Family secrets3 min read . Updated: 31 Oct 2008, 11:35 PM IST
What would you do if you were asked to choose one of two options in a will left by an extremely rich aunt? One million dollars on the spot or the chance to go on a treasure hunt where failure could mean death? Amy and Dan Cahill choose the latter. And there starts Rick Riordan’s (he’s the creator of the Percy Jackson series) hugely entertaining fantasy thriller, The 39 Clues.
This is Book One of The Maze of Bones series. When Grace Cahill dies, her lawyer William McIntyre summons the entire Cahill family for the funeral. It’s a family that lies scattered across the globe, from Korea to Venezuela. After the funeral, a select few are called in for the reading of Grace’s will.
The lawyer gives them the option. He asks those seated to make a choice. Pick up the envelope stuck under the chair that holds the key to a million dollars or wait for him to give them a clue that will “unlock" the Cahill treasure — after a hunt. Only one team or individual, announces the lawyer, can find it.
There is a history to the Cahill family: “The Cahills have a greater impact on human civilization than any other family on Earth," says Grace in a video recording screened for those present. The person who plays the game and finds the secret will become the most powerful and influential one in the world. Or they will die trying.
As it turns out, Amy and Dan are not the only adventurous Cahills in the family. Besides the brother-sister duo, six other teams stake their claim to the treasure. The others are the Kabra siblings (Ian and Natalie), the Starling triplets, Alistair Oh, Irina Spasky, the Holt family and Jonah Wizard (a TV star).
McIntyre unleashes a card that has the first clue. “Resolution: The fine print to guess, Seek out Richard S…"
Nonplussed for a while, the contestants put their heads together. Dan and Amy hit upon the meaning and it leads them to Aunt Grace’s hidden library and the works of Benjamin Franklin (he was a Cahill too, goes the story). Alistair Oh offers to help them since they would find it difficult to move ahead without the help of an adult. Also, he points out, the search could take them around the world.
The first quick discovery almost results in the brother and sister losing their lives as the house catches fire and is burnt down. Amy and Dan manage to escape but observe a grey-haired man in a suit watching them. The man becomes a constant tail on their quest that takes them from Boston to Paris and its catacombs. Helped by their nanny, Nellie, and fighting off numerous challengers, the two have a dangerously rollicking ride on their way to unravelling clue No. 2. Can they always remain one step ahead of the competition, which has a disconcerting way of arriving when Amy and Dan make their discoveries?

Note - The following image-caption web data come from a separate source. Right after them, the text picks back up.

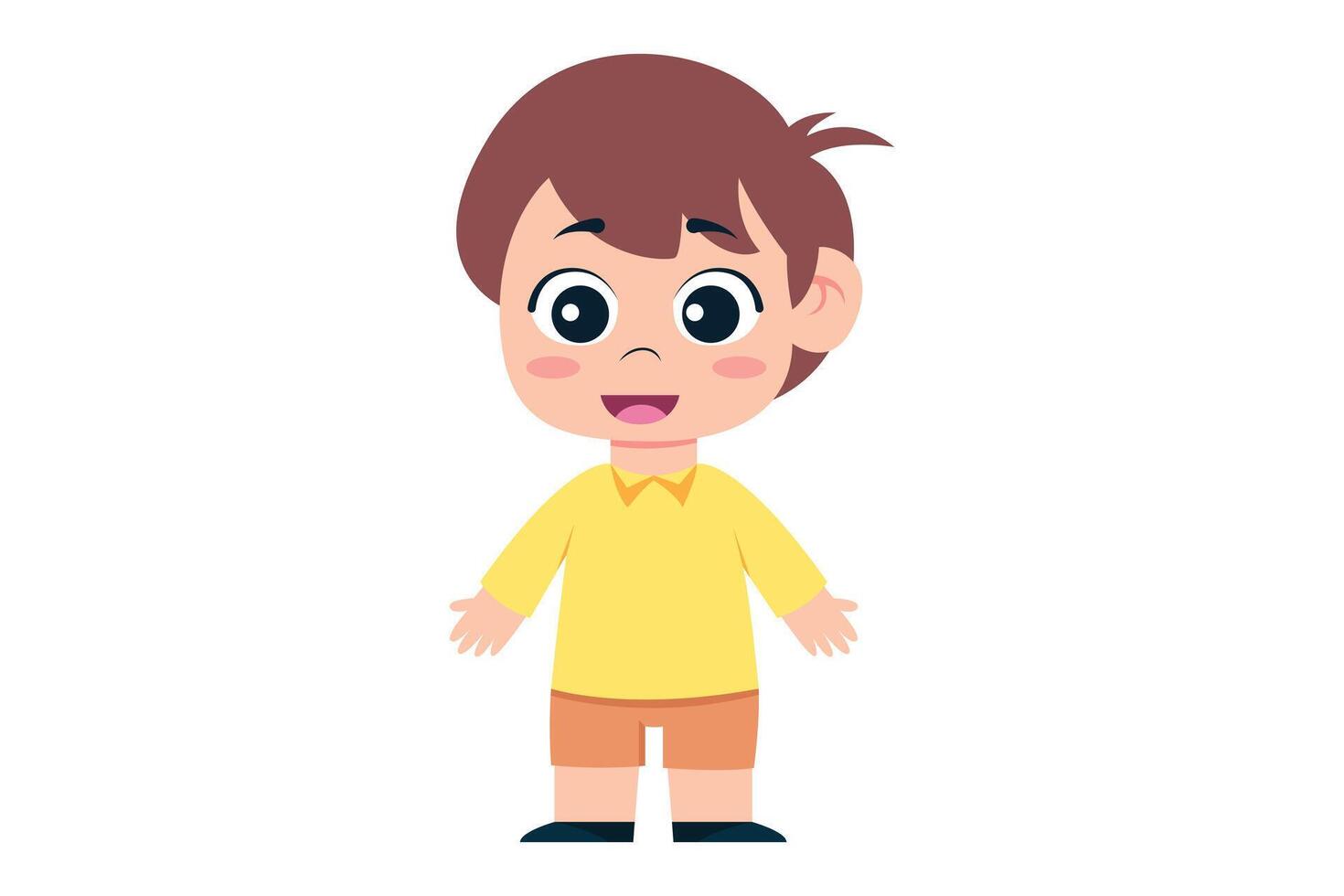 söt liten pojke karaktär design illustration vektor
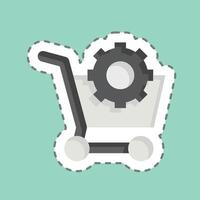 Sticker line cut E Commerce Optimization. related to Media and Advertising symbol vector
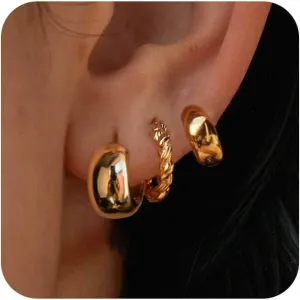 Ewrkbr 14k Gold Plated Pearl Hoop Earrings for Women - Dainty Huggie Stacks, Hypoallergenic Cute Cartilage Studs, Trendy Fashion Jewelry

The 39 Clues doesn’t just let you be a reader. It wants you to be part of the action. Riordan has made it an interactive experience. Amy and Dan’s competition is you, and not just the Cahill family, says the blurb on the book. Puzzled? There are books and cards (with clues) that you can collect in each book and there is a website (The39clues.com) where you can play the game.
Read the books, collect the cards and play the game. Riordan is sure to get his audience; it’s a fun ride — and Book Two will be much awaited.
The writer is the editor of Heek, a children’s magazine.